この「優しい顔になった」はサロンに初めていらっしゃるお客様の動機の一つになっているようです。ゆっくり自分の顔を見ることもなく日々の忙しさに流され、自分の事はついつい後回し。友人の言葉でいつもより意識して自分の顔を見てみると、そういえば全体的になんだかもったりとした感じ…?以前はあごのラインがもうちょっとすっきりしてたのにな…目元もこんな感じだったっかな…?両手で顔全体を上に引き上げ、そうそうこんな感じだったのよね…と鏡の中の自分と会話してみたり…
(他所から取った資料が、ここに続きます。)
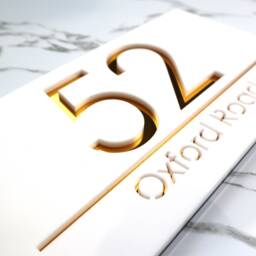 K Smart Sign - Laser Cut Matt White & Gold Mirror Personalised Door Numbers House Plaques Number 3D 30cm X 16cm - thumbnail 1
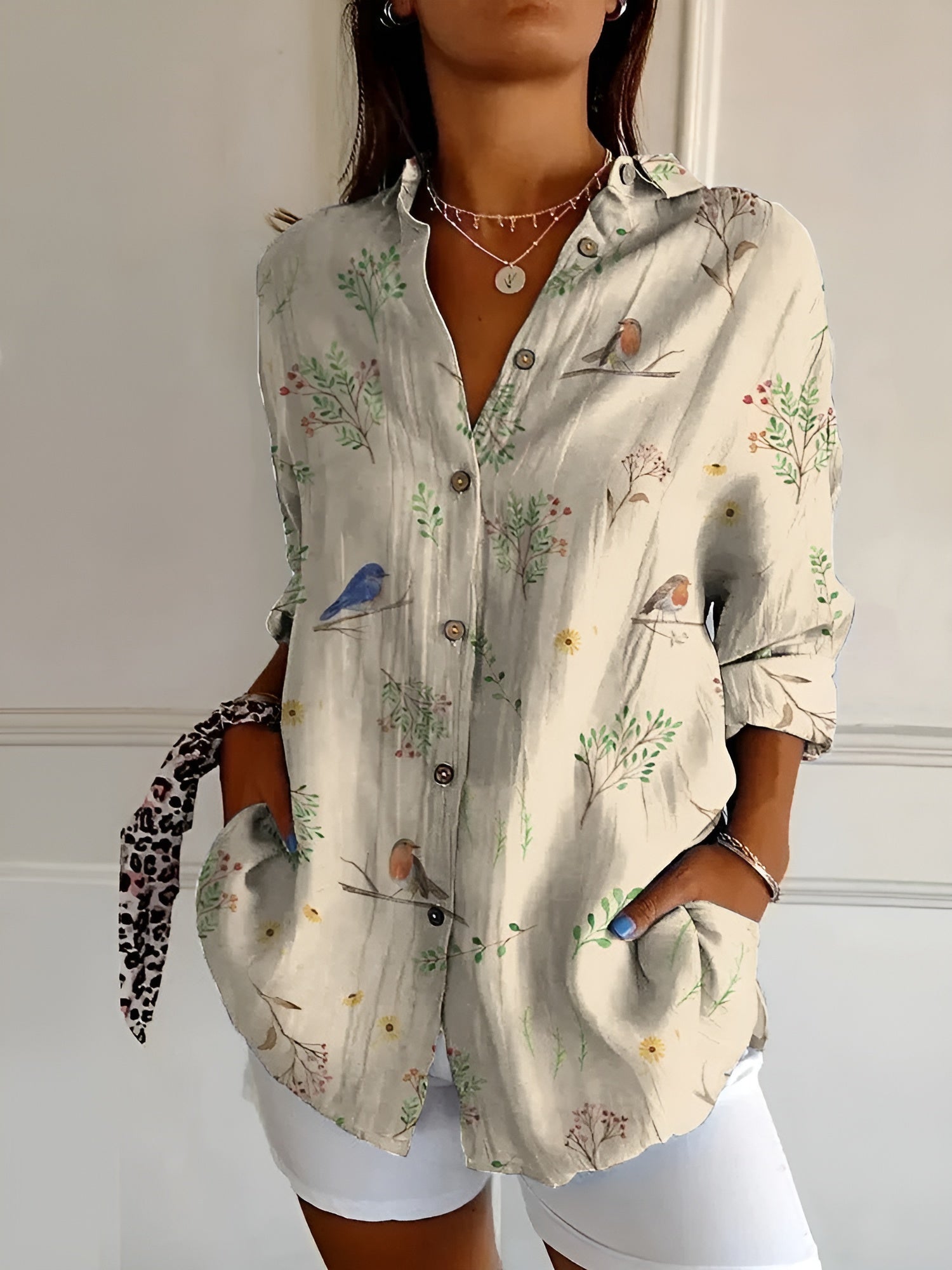 Image of Women's Long Sleeve Button-Down Blouse
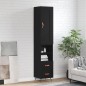 vidaXL Credenza Nera 34,5x34x180 cm in Legno Multistrato vidaXL Credenza Nera 34,5x34x180 cm in Legno Multistrato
顔の「老い」は、輪郭の変化から始まります。10代20代前半の頃の写真と比べると、ほとんどの方は輪郭、特にあごのラインの変化に気づくと思います。 この変化は皮膚のたるみが原因といわれ、そのたるみとは皮膚細胞間の結合が緩んでくるため皮膚が弾力を失い同時に筋肉も衰えて皮膚を支えられなくなる為に起こる老化現象の一つです。また輪郭だけでなく鼻のわきあたりの毛穴が最近目立ってきたような気がする、というのもたるみが原因です。丸だった毛穴が下にひっぱられ縦長の円になった状態をイメージして頂くとわかりやすいかもしれません。

対策としてはお肌に水分をたっぷり与え、血行をよくし、新陳代謝を活発にすることが大切になってきます。日々の基本的なお手入れの中でも乳液やクリームをつけるとき顔の中心から外側に向かって手のひら全体でのばしたり、顔全体を軽く指先でトントントントンと叩くだけでも効果的です。

気になる方は、早速今晩から試してみましょう。今日の自分の行いが、明日の自分をつくります。

自分自身をいたわっていますか?

今朝も寒かったですね。日中はお日様が出ていたので良かったのですが帰り道はマフラーをしっかり巻いて手袋をして帰ってきました。
こういう日が続くと、いつも元気な方でも体調を崩してしまうのもむりないと思います。私が属している経絡治療学会で一緒に勉強している先生も先日の勉強会の時「なんだか最近疲れやすいんです」と話していました。

今回は自分でも押せる疲労回復に効果的な経穴(ツボ)をご紹介します。

足三里(あしさんり) 疲労回復の代表的なツボです。膝を立てた状態でひざのお皿の下、指4本目あたり、すねの外側を強めに押してください。千年灸などのお灸も効果的です。

湧泉(ゆうせん)足指を全部つかんで足底側に曲げると足の裏に「人」の字が現れます。その交点にできるくぼみが湧泉です。このツボを刺激すると生命エネルギーが湧くというつぼです。このツボを中心に土踏まずを3分程親指でぐいぐいと揉んでください。

労宮(ろうきゅう)手を握ったときに中指が手のひらにあたる場所です。押すと痛みを感じる方もいらっしゃるかもしれません。強めにゆっくり押しましょう。心が疲れた時(しんろう)に効果的です。
余談ですが、緊張したら手のひらに「人」という字を書いて飲み込むとよい!と聞いたことがありませんか?個人的な意見ですがそれは手のひらの労宮を刺激するから緊張緩和に効果があるのだと思います。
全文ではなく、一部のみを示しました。